Após muito pensar sobre a descrição do blog, topei com o seguinte texto de Leon Cakoff, in Os Filmes da Minha Vida, São Paulo: Imprensa Oficial, 2010: “qualquer imagem de qualquer época, mesmo que seja manipulada, pode ter seu valor enquanto documento. (...) Todas as imagens tem uma função. (...) A Elite pensante, em qualquer geração ou situação, corre um perigo muito grande. O de torcer o nariz para o que seja popular. (...) o ruim, na pior das hipóteses, nos ajuda a discernir o que é melhor”.

Assim, o cinema de qualquer período, lugar e/ou artista poderá aqui ser analisado, sem que a distinção entre filme de arte e diversão escapista interfira no processo, afinal, tanto o rigor quanto o formalismo em demasia podem impedir a descoberta de pequenos grandes prazeres muitas vezes encontrados nas pedras menos lapidadas. Ou, como diria um conhecido nosso, numa síntese descaradamente pop: “why so serious?”.
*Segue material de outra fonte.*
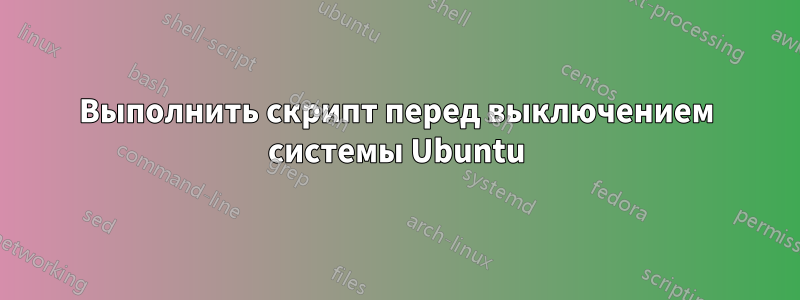 Выполнить скрипт перед выключением системы Ubuntu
quinta-feira, 18 de setembro de 2014

O Lobo Atrás da Porta



Conclusão Acachapante

  O Lobo Atrás da Porta (Brasil, 2013) denota referências óbvias. Em primeiro lugar, o enredo do relacionamento extra-conjugal de tons drásticos face a presença obsessiva de uma concubina lembra, num âmbito hollywoodiano, Atração Fatal (EUA, 1987) e, em termos nacionais, o dispensável Tolerância (Brasil, 2000). Ademais, sua estrutura narrativa montada a partir de flashbacks nos quais cada personagem conta o trecho da história que lhe cabe e convém se revela como uma variação daquilo que Akira Kurosawa realizara em Rashomon (Japão, 1950).

Dito isso, o que torna memorável o longa-metragem de Fernando Coimbra é a forma gradual com que, sem abrir mão do humor, constrói o suspense e delineia os ambíguos perfis de cada membro do triângulo amoroso, destacando-se neste diapasão a valiosa colaboração do elenco e em especial de Leandra Leal que acerta em cada uma das várias facetas de uma mulher tão vítima das circunstâncias quanto culpada por seus atos. Some-se a isso uma interessante escolha de locações, na medida em que é mostrado um lado do Rio de Janeiro sem glamour e não relacionado com a favela, além, principalmente, de um poderosíssimo ponto de virada do roteiro que culmina num desfecho não menos que impactante.
Manejada por outro cineasta, tal conclusão poderia parecer uma solução fácil para o enredo, porém, sob a batuta de Coimbra, o término resulta trágico, acachapante e coerente com o drama arquitetado, deixando o espectador estupefato, ainda que não integralmente surpreso, com aquilo que o ser humano é capaz de fazer.

Ficha Técnica

Direção e Roteiro: Fernando Coimbra
Produção: Caio Gullane, Fabiano Gullane
Elenco: Antonio Saboia, Fabiula Nascimento, Juliano Cazarré, Leandra Leal, Milhem Cortaz, Tamara Taxman, Thalita Carauta
Música: Ricardo Cutz
Fotografia: Lula Carvalho
Duração:101 min.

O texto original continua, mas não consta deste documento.